Mantis also attempts to make the process of finding source and executable files as simple as possible. Source file information is taken from the executable symbol tables and compiled into a menu of source files. Files in the Split-C library are currently stripped out of this menu; this can also result in user code with the same file name not appearing in the menu. We would like to be able to give a list of header files as well, but this information is not available from the executable. File selection entry boxes also have a control button immediately to the right, always marked with an arrowhead pointing to the right, which allows the user to make choices via a special dialog. The user can traverse directories and select files in this dialog by simply double-clicking with the mouse.

Parallel process control

Debugging a process consists of selecting the executable and reading the symbolic information for the program, setting any initial breakpoints, and then choosing command line arguments and starting the program. The first and last of these are accomplished directly via the Mantis main window, while setting breakpoints typically involves browsing through the source files.

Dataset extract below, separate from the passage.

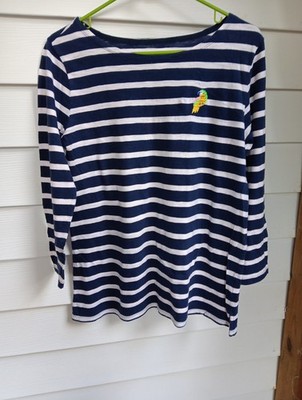 Old Navy Top Women s M Navy White Striped Long Sleeves Boatneck Stretch Tee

The upper two entry boxes in the main window allow selection of the executable and command line arguments, while the third provides a mechanism for locating source files if insufficient information appears in the symbol table.

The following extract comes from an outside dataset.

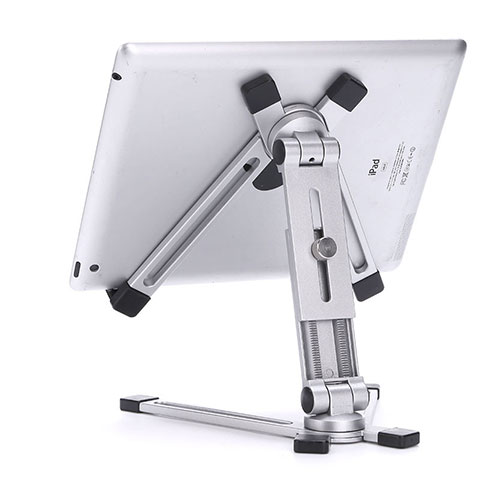 Support de Bureau Support Tablette Flexible Universel Pliable Rotatif 360 K19 pour Apple iPad 10.9 (2022) Argent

The right edge of the main window holds a pair of buttons which provide information on software copying and warranties according to the Free Software Foundation policies.

Along the bottom of the main window is a row of buttons divided into two groups. The right group contains the Quit button and a button marked Clear which dumps all information and closes all windows.

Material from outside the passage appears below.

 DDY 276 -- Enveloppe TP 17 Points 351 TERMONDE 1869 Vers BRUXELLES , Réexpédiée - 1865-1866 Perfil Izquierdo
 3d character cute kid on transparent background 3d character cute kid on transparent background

The left group of buttons manages the creation of other windows. Each of the three generates a new window: the status window, the node window, or the global window. The global and node windows are described in later sections for the most part, while the status window is discussed here.

The status window gives a graphical display of the current state of all processors. The processors are displayed as a two dimensional mesh of squares in a pattern which maximizes the size of each processor within the window size chosen by the user. The shape may therefore change when the window is resized. The table below summarizes the colors and patterns used for each possible state (patterns are used only when color is unavailable). Clicking on any of the processor squares brings up a node window corresponding to that processor. Thus if a certain node has caused an error, the user may detect it visually and select it via the mouse for examination.

Mantis Status Window Colors and Patterns

Halting and continuing the processors can be performed via either a node window or the global window. In either case, a pair of buttons appears to the left, just below the source display area. In the case of the global window, these buttons will stop or start all processors, while for the node windows, the buttons will stop or start only the processor being examined with that node window. The node window also has buttons for stepping a single processor through a line of code. The Step button will continue program execution until it reaches the next line of code or enters a new procedure. The Next button will wait for any procedure called to complete and for the processor to reach the next line of code.

Because of the methods employed for single-stepping on Sparc processors, it is necessary for the debugger process to watch each step. Combining this with the possible need for synchronization with another processor which may be halted, we find that stepping can cause deadlock. To allow the user to override this problem, the pendulum pops up into button form when stepping occurs (instructions also appear in the status area), and if the button is pressed, the processor is halted immediately whether or not it has finished the step.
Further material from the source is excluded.